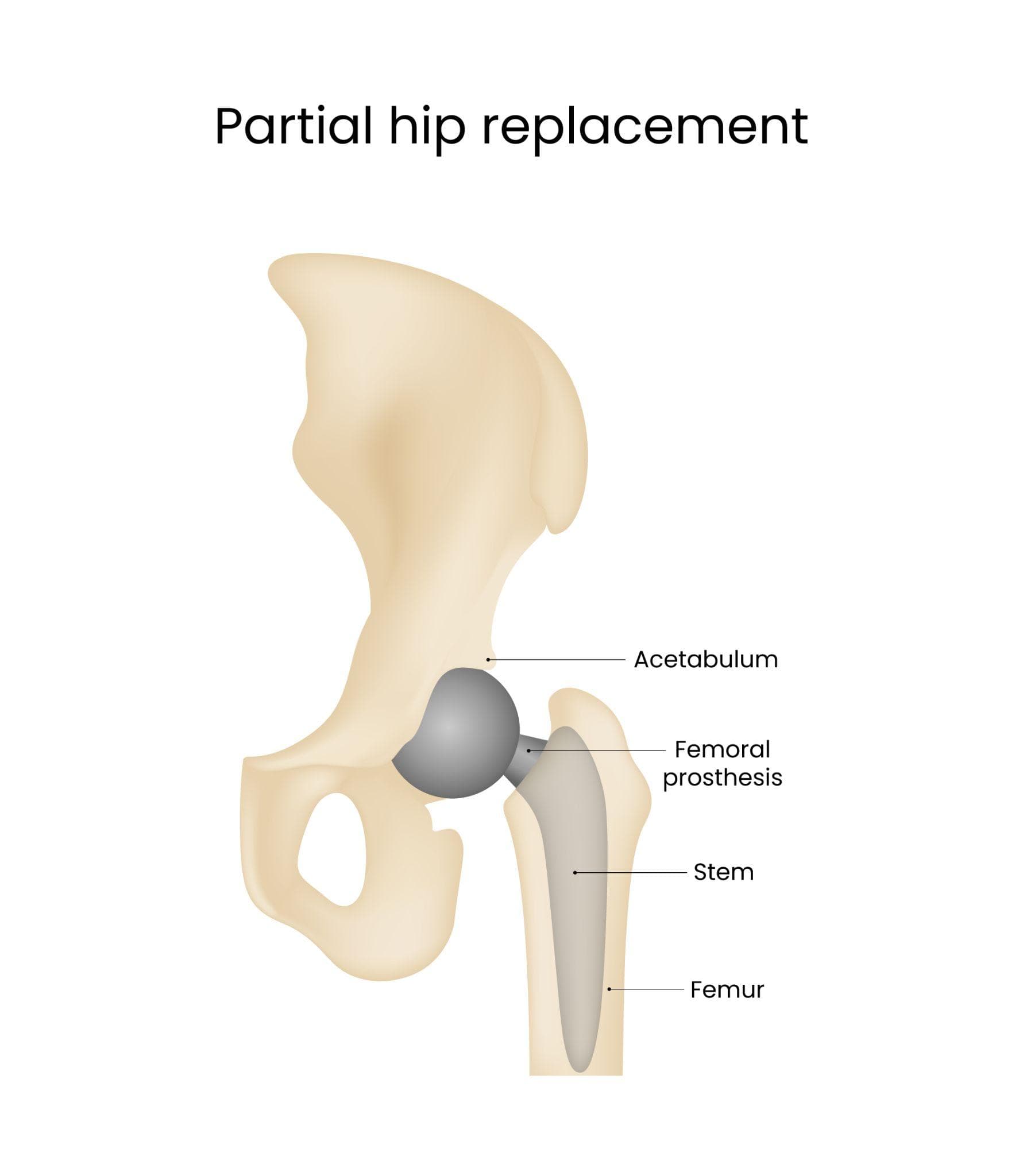 An anatomy showcasing the partial hip replacement and labelling is shown of it and of the surrounding parts.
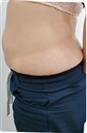 Abdominoplasty (Tummy Tuck) - مركز إستيثيكا الطبي الجراحي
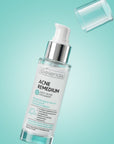 Bielenda ACNE REMEDIUM Smoothing serum reducing imperfections 30ml - Bielenda - Vesa Beauty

====

• **Task details**:
Write out the data word for word. Any picture is to be skipped.

• **Written reply**:
 An anatomy showcasing the partial hip replacement and labelling is shown of it and of the surrounding parts.
 Abdominoplasty (Tummy Tuck) - مركز إستيثيكا الطبي الجراحي
 Bielenda ACNE REMEDIUM Smoothing serum reducing imperfections 30ml - Bielenda - Vesa Beauty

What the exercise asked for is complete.